Dan lebih Parahnya, masa depan mereka juga terenggut.
Pelaku kekerasan terhadap anak terbagi di empat lingkungan. Pertama di lingkungan
rumah, pelaku adalah ayah kandung atau ayah tiri, kakak, paman, tukang kebun, sopir jemputan
dan kerabat dekat keluarga. Di lingkungan sekolah, pelakunya adalah guru reguler, guru
spiritual, penjaga sekolah, pihak keamanan sekolah, tukang kebun sekolah dan pengelola
sekolah. Di lingkungan sosial pelaku biasanya adalah tetangga, pedagang keliling dan temansebaya. Ada juga di lingkungan panti atau boarding school dengan pelaku pegelola panti dan
pengasuh.
Jika kita mengacu pada hukum, begitu banyak Undang-Undang yang mengatur serta
melindungi hak-hak perempuan diantaranya :
Undang-Undang Nomor 23 Tahun 2002 tentang Perlindungan Anak
Undang-Undang Nomor 23 Tahun 2004 tentang Penghapusan Kekerasan Dalam Rumah Tangga
Undang-Undang Republik Indonesia Nomor 35 Tahun 2014 tentang perubahan atas Undang-
undang Nomor 23 tahun 2002 tentang Perlindungan Anak
Undang-Undang Republik Indonesia Nomor 31 Tahun 2014 tentang Perlindungan Saksi dan
Korban.
Dan masih ada beberapa pasal lagi yang menyatakan tentang perlindungan terhadap anak
dan perempuan. Apa yang menyebabkan maraknya pelanggaran terhadap anak dan perempuan?

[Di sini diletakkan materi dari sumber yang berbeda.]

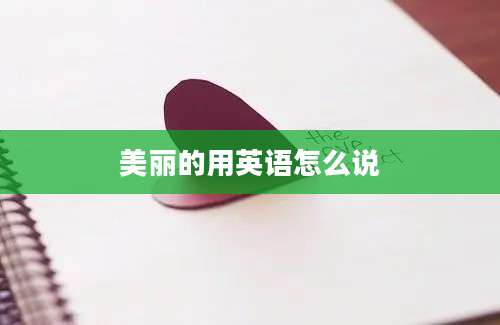 美丽的用英语怎么说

Dimana letak moral dan hati nurani mereka?
Mengapa mereka laksana binatang yang tidak memiliki akal?
Apakah hukum yang demikian hanya sebatas formalitas? Sehingga banyak oknum yang
tidak menyesal bahkan jera akibat perbuatannya?.

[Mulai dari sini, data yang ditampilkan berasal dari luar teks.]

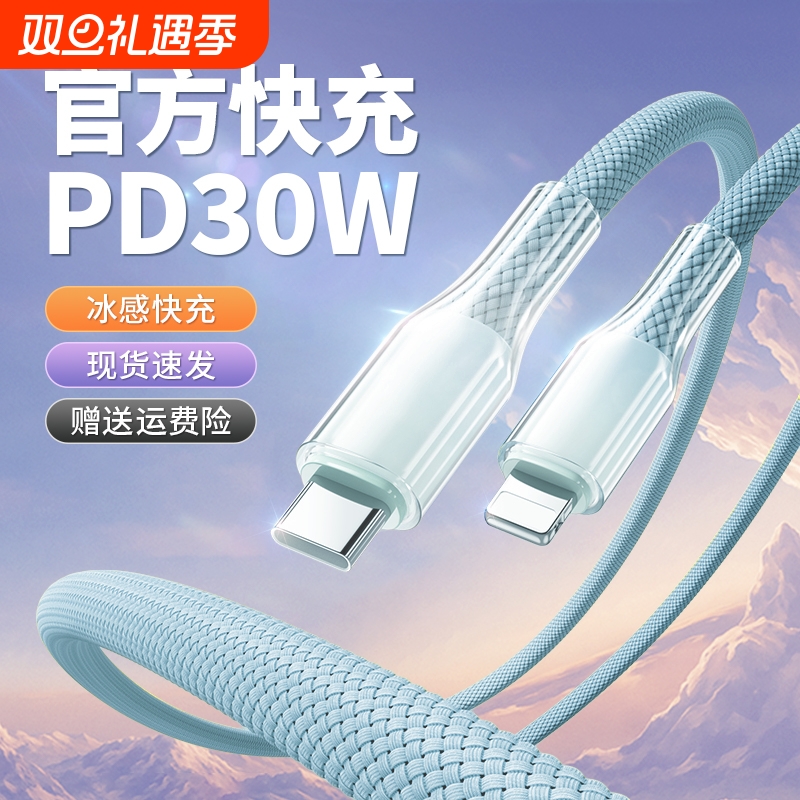 适用苹果PD30W不虚标满速快充线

Sebenarnya kita tidak meragukan akan
kedudukan hukum di negeri ini, sudah jelas hampir seluruh lini kehidupan di atur dalam
Undang-Undang konstitusi, bahkan agama pun demikian.

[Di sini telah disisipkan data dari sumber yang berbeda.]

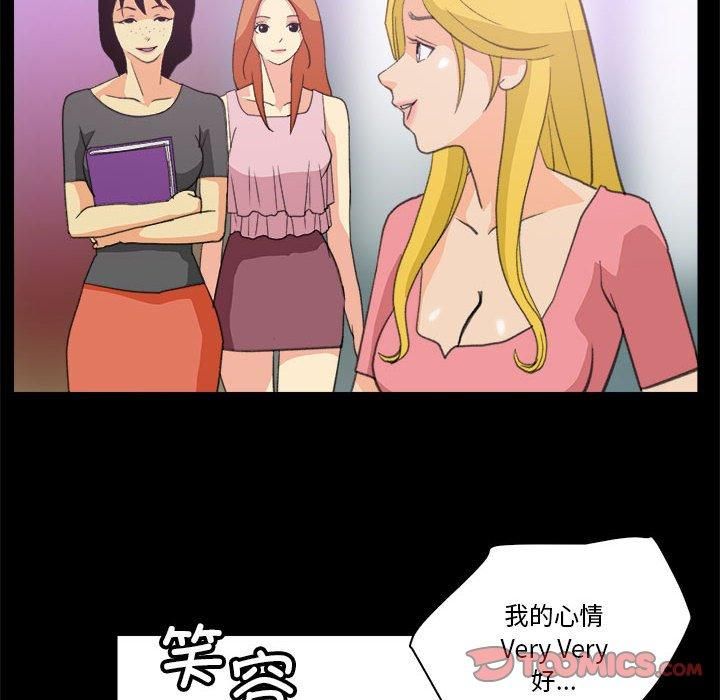 撩妹笔记本第10話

Lantas jika Negara sudah melindungi hak-hak setiap warga negaranya, mengapa kasus
yang berulang masih marak terjadi? apakah para penegak hukum tersebut lemah? Atau ada
sesuatu lain yang menyebabkan para pelaku merasa aman aman saja?
Selaku pengamat sosial kita turut prihatin terhadap kasus asusila yang kian hari kian
meningkat, semoga kasus-kasus yang kerap terjadi tidak terulang lagi di kemudian hari.
Sehingga tiada lagi terjadi trauma antara si korban dan masyarakat yang tinggal di sekitarnya.